Süddeutsche Zeitung

Ukraine-Krieg:Weiter reden

Das Treffen in Lwiw wird kaum zu einem Frieden führen. Moskau glaubt, noch etwas gewinnen zu können. Kiew hat viel zu verlieren.

Kommentar von Daniel Brössler

Die Tatsache, dass aus ukrainischen Häfen seit einigen Wochen wieder Schiffe mit Getreide auslaufen können, hat Hoffnungen geweckt. Pessimistischen Einschätzungen zum Trotz hält die von UN-Generalsekretär António Guterres und dem türkischen Präsidenten Recep Tayyip Erdoğan vermittelte Einigung bisher. Verständlich sind daher die großen Erwartungen an das Treffen der beiden mit Präsident Wolodimir Selenskij im westukrainischen Lwiw. Erdoğan selbst hat diese Erwartungen noch befeuert, indem er die Suche nach diplomatischen Wegen aus dem Krieg ankündigte. Diese Suche ist wichtig. Wer aber nun die Hoffnung auf einen raschen Frieden hegt, den trügt sie.

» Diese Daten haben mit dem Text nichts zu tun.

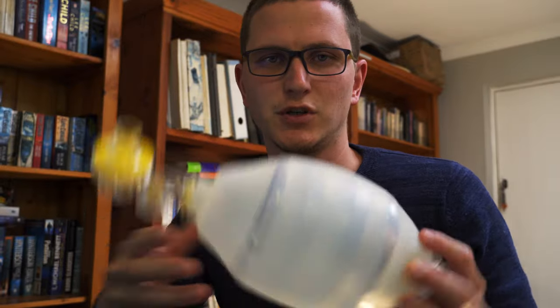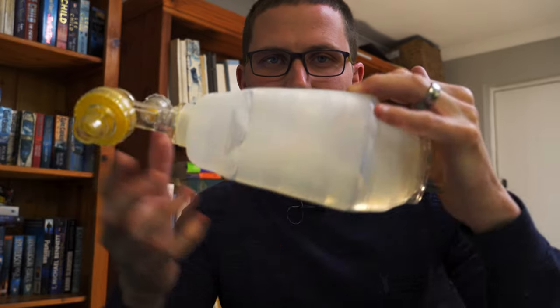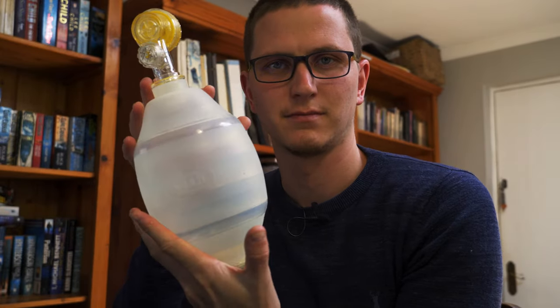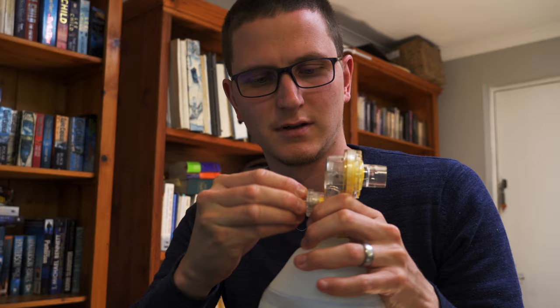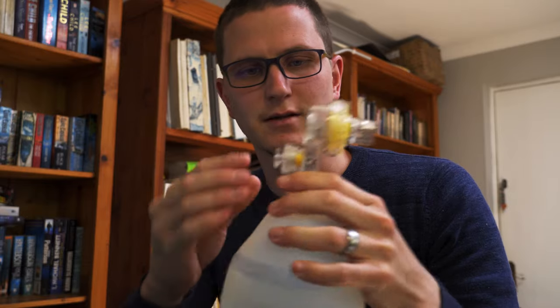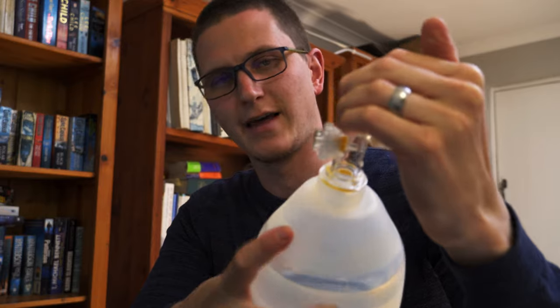Question one: does it open when you squeeze the bag? Question two: if I squeeze the bag and empty it, does it stay deflated? As you can see, it does. If I let go, it re-inflates — that's a sign the valves are working correctly. The other thing is to close the pop-up valve. If I squeeze with it open, air comes out; if I squeeze with it closed, no air comes out of the bag. That's the quick three-second check to see if the bag is actually functioning properly.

Selenskij kann für einen Scheinfrieden unmöglich Territorium dem russischen Terror überlassen

Ein halbes Jahr nach dem russischen Überfall auf die Ukraine sind weder für den Aggressor noch für das Opfer die Voraussetzungen für ein Ende der Kampfhandlungen gegeben. Selbst wenn Russlands Präsident Wladimir Putin von seinem ursprünglichen Ziel der vollständigen Unterwerfung der Ukraine erst einmal Abstand genommen haben sollte, kann er immer noch mit weiteren Geländegewinnen rechnen. Für Selenskij wiederum ist es völlig unmöglich, große Teile ukrainischen Territoriums für einen Scheinfrieden dem russischen Terror zu überlassen.

Treffen wie das in Lwiw haben dennoch ihren Sinn. Zum einen, um auch während des Krieges notwendige Kommunikationskanäle offen zu halten. Und der Getreidedeal hat gezeigt, dass es auch inmitten des Horrors punktuelle Kompromisse geben kann. Ein solcher muss dringend gesucht werden, um die Gefahr einer Nuklearkatastrophe in Saporischschja zu verringern. Diese Kommunikationskanäle werden an Bedeutung gewinnen, sobald sich die Voraussetzungen für den Frieden verbessert haben. Zu erreichen ist das aber nicht durch weniger Waffenlieferungen an die Ukraine. Im Gegenteil. Je schwächer Putin die Ukraine wähnt, desto weniger Grund hat er, seine Kriegsmaschinerie zu stoppen.